On August 22, a Russian Soyuz rocket blasted off from the Baikonur launch site on an experimental mission to the International Space Station (ISS). Hitching a ride on the flight was a revolutionary telescope developed by an international team led by Japan’s RIKEN national science institute. The experiment, dubbed Mini-EUSO, will look down at the earth’s night atmosphere from the ISS, essentially using the atmosphere as an enormous observatory for exploring poorly understood atmospheric phenomena such as “sprites” and “elves,” a hypothesized form of matter called “strange quark matter,” and ultra-high-energy cosmic rays.
Importantly, the Mini-EUSO observatory will carry out the first ever nighttime observations of the earth’s atmosphere from space in the near-ultraviolet band. To make this possible, it will be situated in front of the UV transparent window in the Zvezda Russian module in the ISS, looking at Earth in a nadir position.
The observatory will have a long list of scientific missions.

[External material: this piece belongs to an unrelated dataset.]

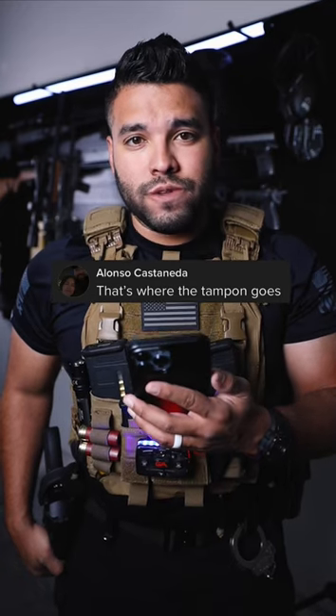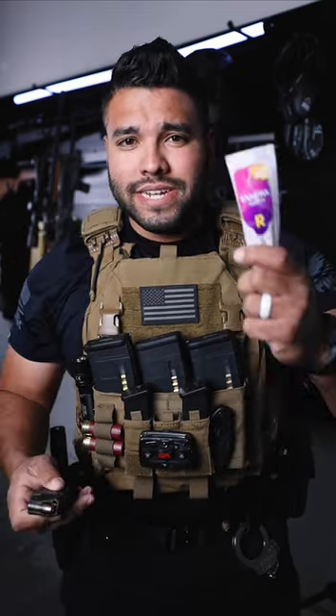That's where the tampon goes. I guess I never really thought about it like that. Let's try it out. Instead of another magazine, put a tampon in.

First, it will observe the near-UV background level in preparation for near future ultra-high-energy cosmic ray space observatory missions. Second, it will look for “strange quark matter,” a type of hypothesized super-dense matter that has never been observed but might create traces by burning up in the atmosphere. Small pieces of this type of matter, called “strangelets,” are one candidate for the dark matter that is currently the subject of a massive scientific search. Failing to see such traces would create observations that could help in the search for dark matter, by putting upper limits on the mass of such objects.
Shots of the Soyuz mission-14 rocket with the Mini-EUSO on board. Image credit: Marco Casolino, leader of the Mini-EUSO team
Another goal is to look at ultra-high energy cosmic rays, with energies above 10 to the 21 electron volts. There are no certain observations of events at this energy, with the highest energy recorded on the ground being 3 times 1020 electron volts, so this might indicate that they simply do not exist. Seeing one would indicate that there are phenomena in the universe that could create them, and would trigger a search for them.
Other goals are to look at bio-luminescence from plankton in the ocean, helping to understand sea life and pollution, and to observe high-altitude atmospheric lighting and meteoroids entering the atmosphere. Those these phenomena have been examined in other light bands, seeing them from above in ultraviolet could reveal new findings regarding their mechanism.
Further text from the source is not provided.